Roman "Jean-Baptiste"

 

Marie-Anne Delahaut 

Hour-en-Famenne, 28.06.1991.

Chapitres

01. Rendez-vous (MAD)  * 02. Li Dvantrain (JD)  * 03. La Ducasse (MAD) 

04. La Communion (JD)  * 05. Augusta (MAD)  * 06. Tristesse (JD) 

07. 205 (MAD)  * 08. Période de guerre 1914-1917 (JD)  * 09. Fleurs des champs (MAD) 

10. L'ardoise de Baptiste (JD)  * 11. Emois interdits (MAD)  * 12. Une Montre en or (JD) 

13. Jeanne (MAD)  * 14. Recette pour vivre vieux (JD)  * 15. Tout l'amour d'une maman (MAD).
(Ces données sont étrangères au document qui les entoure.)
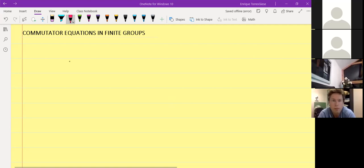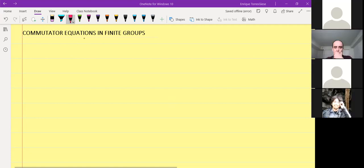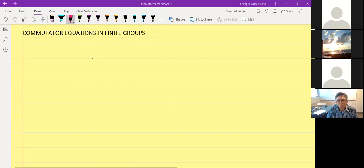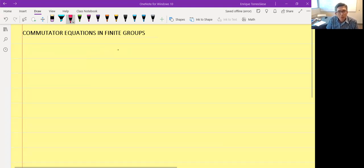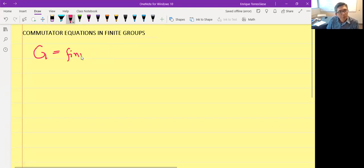This is the second talk of part two, the first day of the Berkshire. The next speaker is Enrique Torres-Giese from Trinity Western University, and he's going to tell us about commutator equations in finite groups. Thank you, Sheehan, and thank you for the invitation. As you can see, I will be talking about this type of equations in finite groups, where G will always be a finite group.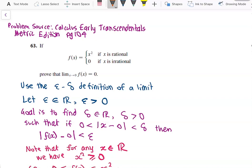Today we will have a look at the following calculus problem. We have the piecewise defined function f of x, which is equal to x squared if x is a rational number, and 0 if x is an irrational number. We have to prove that the limit as x approaches 0 of f of x is equal to 0.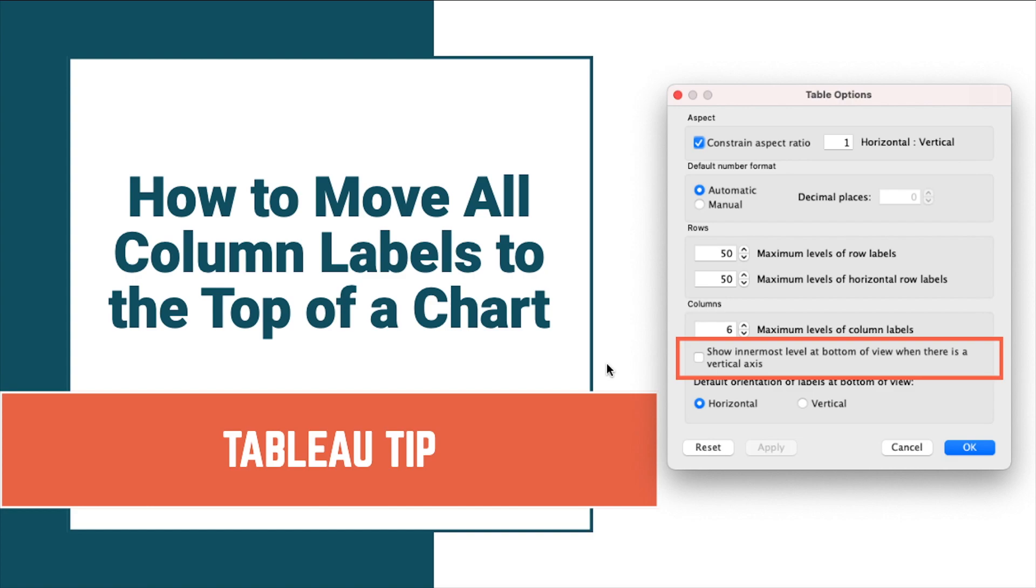Please keep in mind that this is a workbook level setting. Therefore, all charts in the workbook will show all discrete headers at the top.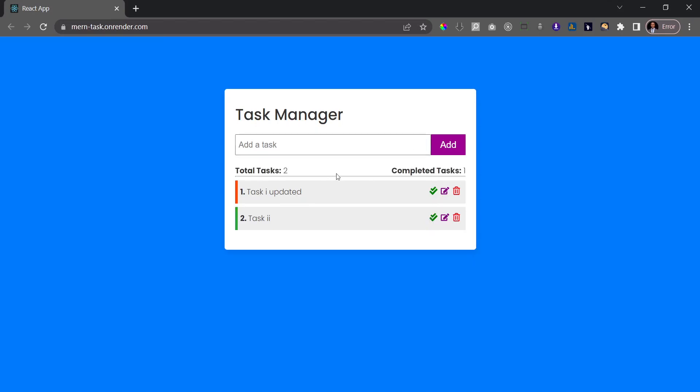Now the last thing we can do is to delete a task. So if I want to delete the first task for example, I can just click on the delete icon and then that task is gone.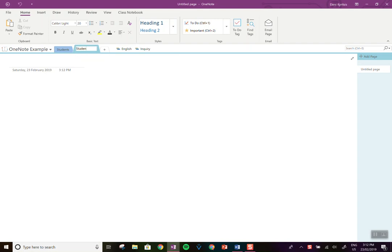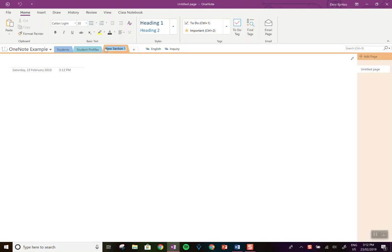So the first one I'm going to do is student profiles and this is where I add all my information about the students and also goals that I set for them, and I also like to set up a template section.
Mariage de Octave Delahaut et Jeanne Haerens, 1927. Collection M-A D.

 

La famille assemblée au mariage d'Octave et Jeanne. Lucien, Ernestine, Denise, Lydie et Marie, notamment.  Collection M-A D.

 

Je n'avais pas plus de cinq ou six ans, lors de notre premier contact. J'étais chez mes grands-parents paternels à Beauraing, route de Dinant, ça devait être l'heure de la sieste. Je me suis sans doute réveillée plus tôt que prévu. Je me souviens de ma robe de petite fille modèle et solitaire, blanche toute rebrodée de légers fils jaune paille. Corsage ajusté, manches courtes ballons, jupe évasée, joli nœud à la ceinture. Je me suis levée sans bruit, j'ai fait le tour du grand lit, et j'ai retrouvé ma maman, dans le petit bureau mansardé, sur la gauche. Maman lisait, assise sur la chaise dont le dossier formé d'un fin bois arrondi faisait office de fauteuil. Je me souviens que ma maman était jolie, comme d'habitude, avec une robe dont je rêvais d'avoir la réplique pour moi. Je n'aimais pas trop d'être toute seule dans cette chambre à l'étage, alors que mes grands-parents avaient la leur en bas. J'y ai passé de longues nuits seule, pourtant : je mettais longtemps à m'endormir, parce que les lampes qui bordaient la grand route étaient oranges et qu'elles transformaient la couleur des choses, dans la nuit. Le trafic était constant, particulièrement les soirs de réveillons, et alors j'avais peur des sirènes hurlantes des pompiers ou des ambulances dont la base était située deux maisons plus bas.

 

La journée, c'était différent. J'avais mes jeux, mes histoires secrètes, mais j'aimais particulièrement écouter celles que me racontaient mon grand-père Octave ou ma grand-mère Marie. Elle avait une patience d'ange pour me répéter à l'infini celles que je préférais. J'étais particulièrement attentive quand elle m'apprenait quelques mots d'allemand ou de luxembourgeois, souvenirs de son enfance à elle. Les repas étaient aussi très gais. Mes grands-parents aimaient bien continuer à jouer pendant ce temps-là, alors je me cachais sous la table : je pouvais manger un petit morceau quand je trouvais la réponse à la devinette, ou bien on disait que j'étais le loup et parfois on jouait à "une bouchée pour Papa, ..." et cela durait longtemps, parce qu'il ne fallait oublier personne ! Normalement, j'aurais mangé plus vite, mais cela faisait tellement plaisir à mes grands-parents de jouer à tout ça !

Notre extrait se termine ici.